# Work item
Omit the pictures and reproduce the rest of the listing exactly.

# Information supplied
——————
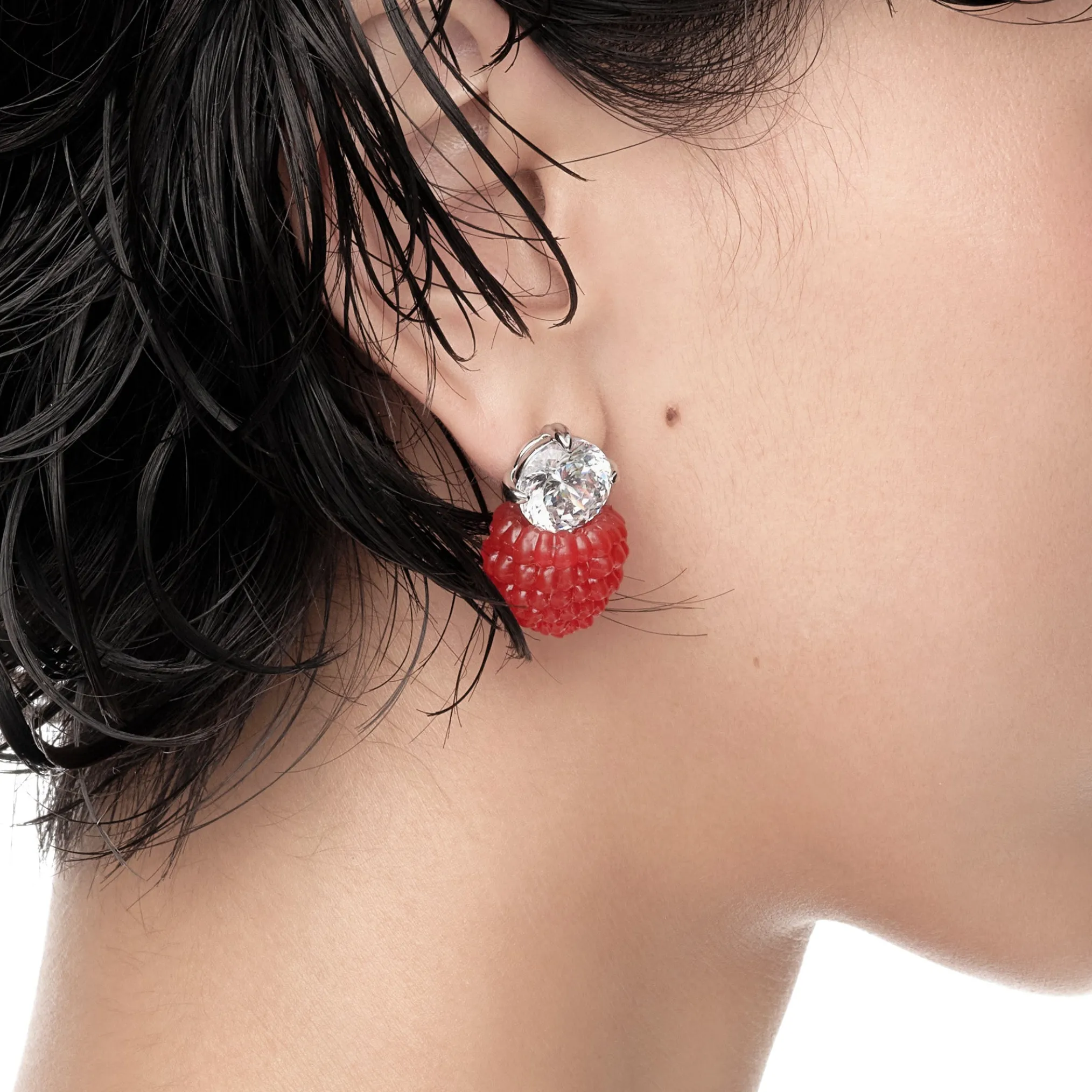 Paradise / Berry Gemstone Earring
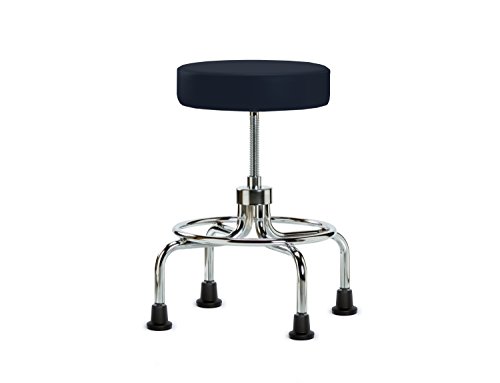 Image of Perch Retro Exam Stool with Glides, 18.5 inch-24 inch, Imperial Fabric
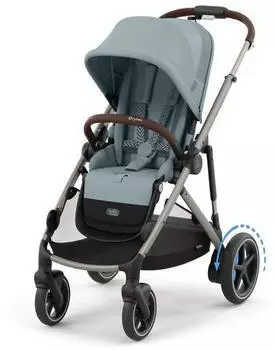 Cybex eGazelle S Taupe Frame and Stormy Blue Sit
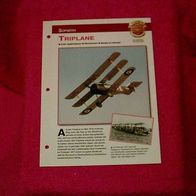 Triplane (Sopwith) - Infokarte über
——————
# Reply to the task
 Paradise / Berry Gemstone Earring
 Image of Perch Retro Exam Stool with Glides, 18.5 inch-24 inch, Imperial Fabric
 Cybex eGazelle S Taupe Frame and Stormy Blue Sit
 Triplane (Sopwith) - Infokarte über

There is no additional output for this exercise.